Читаем К изваянию Пана, играющего на свирели. Измаил II полностью

Меня, оказавшегося, когда пришел первый вал, беспомощным и беззащит­ным, вода подхватила, ударила обо что-то, и потащила туда, к гибельному краю. В моей памяти в то время, когда я уж» чувствовал, что воздух в груди кончается, а отчаянные попытки за что-нибудь уцепиться, задержать это движение, ни к чему не приводят, вдруг всплыло: «И рассеет его, и подвергнет одной участи с лицемерами, там будет плач и скрежет зубов». Но провидение вновь не позволило мне сгинуть: в самый последний момент, когда все мое тело и ослабевший разум предчувствовали уже последнее предуготованное мне падение, й руку мне попался канат, часть оборванного такелажа. Я судорожно сжал кисть, чувствуя, как вода заливает мне легкие, из последних сил попытался подтянуться подальше от борта, но канат начал разматываться. Оказаться сейчас в волнах с веревкой в руках или без нее — исход один, и конец мой был решен. Но тут напор воды стал ослабевать, и вскоре я уже смог глотнуть воздуху. Волна уходила. Это уже запоздавшие ее щупальца тянулись, уходя с палубы, растекались в разных направлениях. И меня не унесло за борт, а откинуло прямо к двери, к лестнице в трюм, в кубрик. Я поднял голову и увидел «Пекод», выбирающийся из волны, как всплывающий левиафан, кое-где людей, тех немногих, видимо, кто был еще жив: кто на палубе, кто на мачтах, они цеплялись за канаты, за выломанные доски, за все, за что можно было схватиться.

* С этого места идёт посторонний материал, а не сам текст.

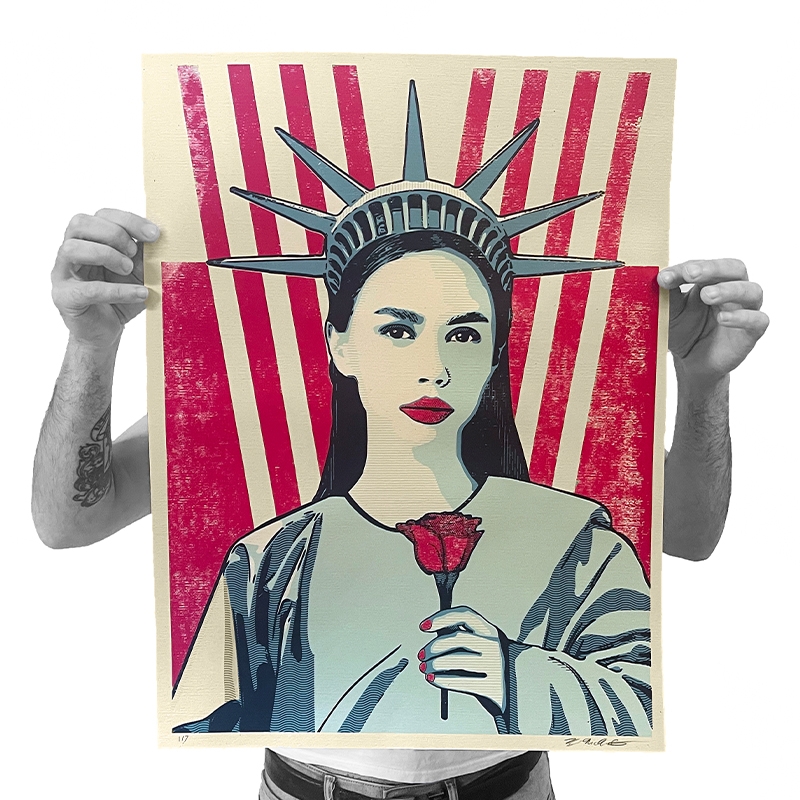Liberty Rose (Distressed): 18x24 inches. 4-color screen print. Artist - hand pulled on 80lb Cream Cordtone (Speckletone) French paper. Edition varied edition of 7 (EV I) print signed and numbered by Brian McNulty.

В моем мозгу возникла ясная мысль: я опять беззащитен, следующая волна принесет с собой мою смерть. «Спасайся, спасайся!»— все закричало внутри, и, видя уже новую водяную гору, нависшую над кораблем, я рванул дверь на себя, втиснулся внутрь, привалился к двери спиной и закинул скобу. Новый удар потряс «Пекод», и я кубарем полетел вниз, разбив лицо о ступени. Было темно, я ничего не видел, но был уверен — здесь никого не может быть, в шторм никто не спускается внутрь корабля; если судно гибнет, у тех, кто на Палубе, есть, пусть призрачная, надежда спастись: уцепиться за обломок, удержаться на воде, надеясь на подмогу,— находящиеся же в трюме обречены. Не следовало и мне тут оставаться, нужно было выбираться наверх, но я решил дать себе несколько минут отдыха. И здесь, где было тепло и сухо, на меня навалилась усталость. После полутора суток борьбы за существование, расслабившись лишь на не­сколько мгновений, я не смог уже двинуть ни рукой, ни ногой и хотя убеждал себя, что нужно перемочь слабость, подняться на палубу, к воде и ветру, но уже все глубже и глубже погружался в черное пространство сна, сродного с беспа­мятством.

Сколько я спал — не знаю. А когда проснулся, вспомнил все (где я, что значат тяжелые удары в борт), то изумился — еще жив. Пошатываясь, теряя равновесие из-за головы, казавшейся непомерно легкой, я вскарабкался наверх и попытался открыть дверь, но она не поддавалась. Разбитое тело ныло; сжав зубы, я снова и снова пихал дверь плечом. Наконец она чуть двинулась, открыла узкую щель, и в нее сейчас же ударила брызгами вода, выплеснулась на разбитое, окровавленное лицо, и я чуть не взвыл от боли. В конце концов я сумел расширить щель настолько, что смог протиснуться наружу. Поперек двери лежало тело мертвого матроса — оно и не давало ее распахнуть. Я попятился от обезображенного трупа и не сразу обратил внимание, что буря заметно утихла: волны накрывали палубу уже редко, и силы их не хватало на то, чтобы сметать все на своем пути, как раньше. Почти все паруса «Пекода» были оборваны — некоторые унесло в море, другие болтались и хлопали на ветру, превратившись в куски истрепанного полотна; вся палуба была завалена обломками, расщеп­ленным деревом, отовсюду торчали выбитые, изломанные доски. Вдобавок все было опутано скрученными и спутавшимися такелажными канатами. И среди этого хаоса, около бизани, я увидел Старбека и Федаллу.

С трудом пробираясь между обломками, я пошел на корму. Они что-то кричали друг другу, пересиливая ветер, но замолчали, стоило мне приблизиться.